In depth with: Amanda Sampedro
From Terrace to Pitch
This article first appeared in the Football4Good Magazine: March 2020 - Read the full magazine by clicking here.
Following the historic pay deal for Spain’s female footballers, we spoke to Atlético Madrid Femenino captain and latest Common Goal member Amanda Sampedro about playing a part in football’s changing landscape for women.
Since making her debut over a decade ago, much has changed regarding the status of women’s football. Nowhere more so than Spain. Professionalism, investment, and record crowd attendances have all coincided with the country’s most successful national team – reaching last summer’s World Cup knockout stages for the first time in only their second ever appearance. Yet whether playing for La Rojas or Las Rojiblancas, Sampedro joins a host of teammates taking the Common Goal pledge.
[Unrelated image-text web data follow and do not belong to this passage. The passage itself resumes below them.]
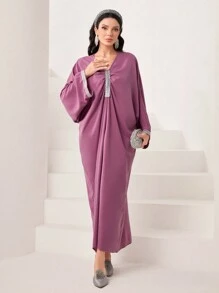 Al Najma Contrast Trim Batwing Sleeve Kaftan - Pink - View 5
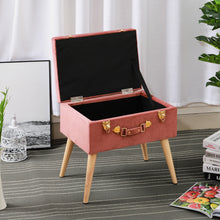 Load image into Gallery viewer, Velvet Storage Ottoman Footstool  - 2 colors!
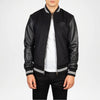 Black varsity jacket with leather sleeves for men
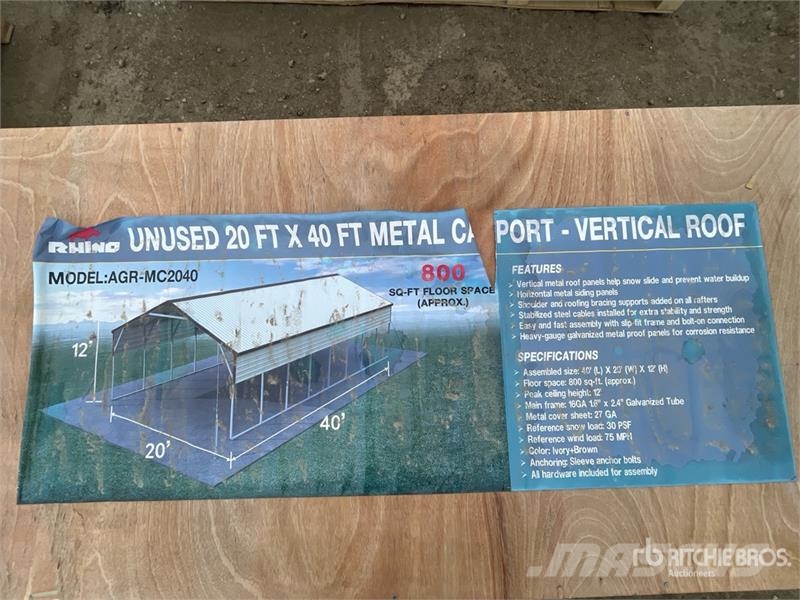  AGR-MC2040 20 ft x 40 ft x 12 ft Steel Carport (Un Stahlrahmenaufbauten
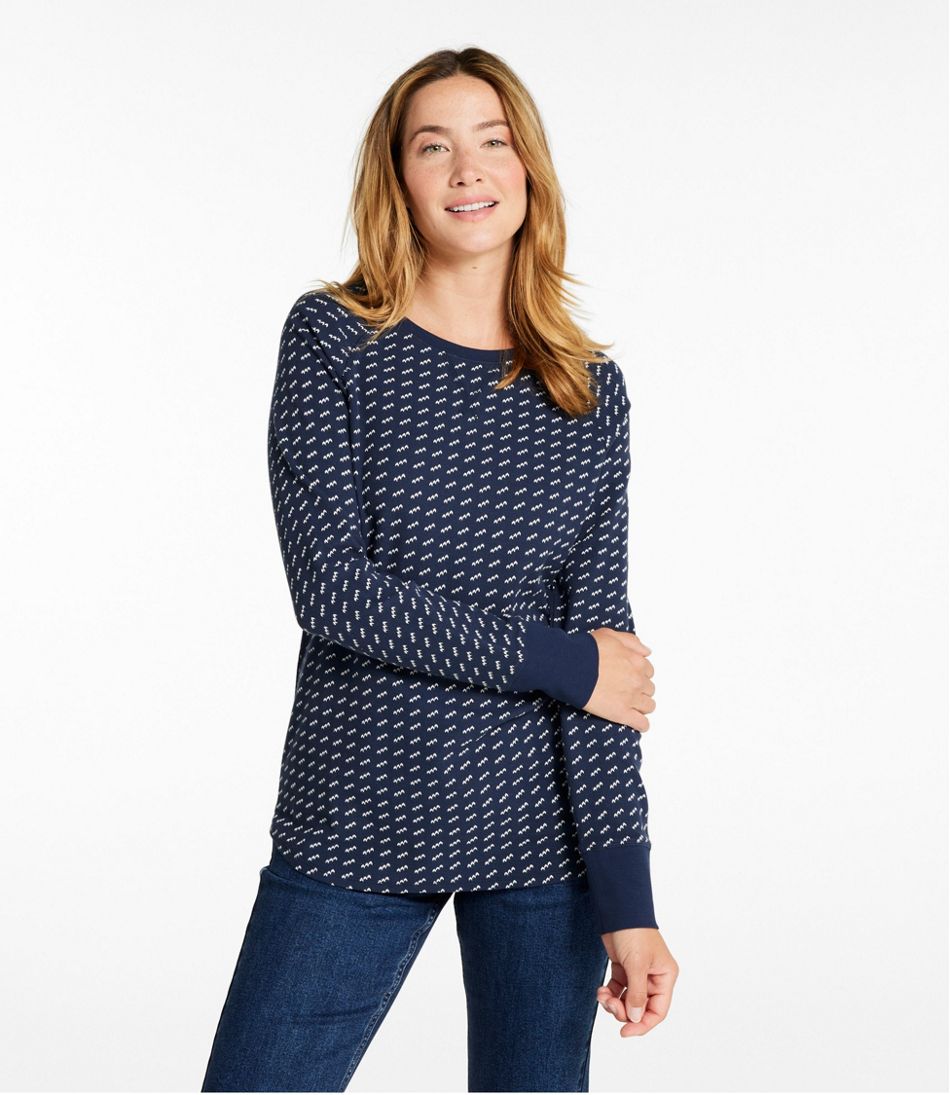 Long-Sleeve Crewneck Stripe Women's Unshrinkable Mini-Waffle Tee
As she challenges for her fourth consecutive league title, she discusses straddling the two eras and the importance of female role models.
WHAT ARE YOUR EARLIEST MEMORIES IN FOOTBALL?
From a very young age there are many photos of me with a ball. I remember being six years old, on the way to school on my first day. There was a sign on the door that said there was a football team and whoever was interested could sign up. When I started it was only me and the boys. We made good friends and as we got older, we moved to the local team in our community.
WHAT ROLE DID FOOTBALL PLAY GROWING UP?
My father is a huge football fan. Since I can remember he’s spoken to me about Atlético de Madrid. I used to go to the Vicente Calderón Stadium with him, my mother, and my sister. We had season tickets. I remember perfectly the corner in the Calderón where I sat.
WHEN DID PLAYING BECOME MORE THAN A HOBBY?
I was very young when I made my debut with the Atlético first team, at age 15. At that time, it was not like now when maybe a group of several young girls come through all at once. Back then, we’re talking about a team of women in their thirties. The difference between myself and them was huge. Not long afterwards, I got called up to the U-17’s national team and then I started to realise that this was serious. I noticed a change in responsibility. I noticed it with my family too. Before they were coming, having a good time watching me have a good time, but suddenly they were nervous. They’re weren’t watching me play, they were watching football become my life and my work.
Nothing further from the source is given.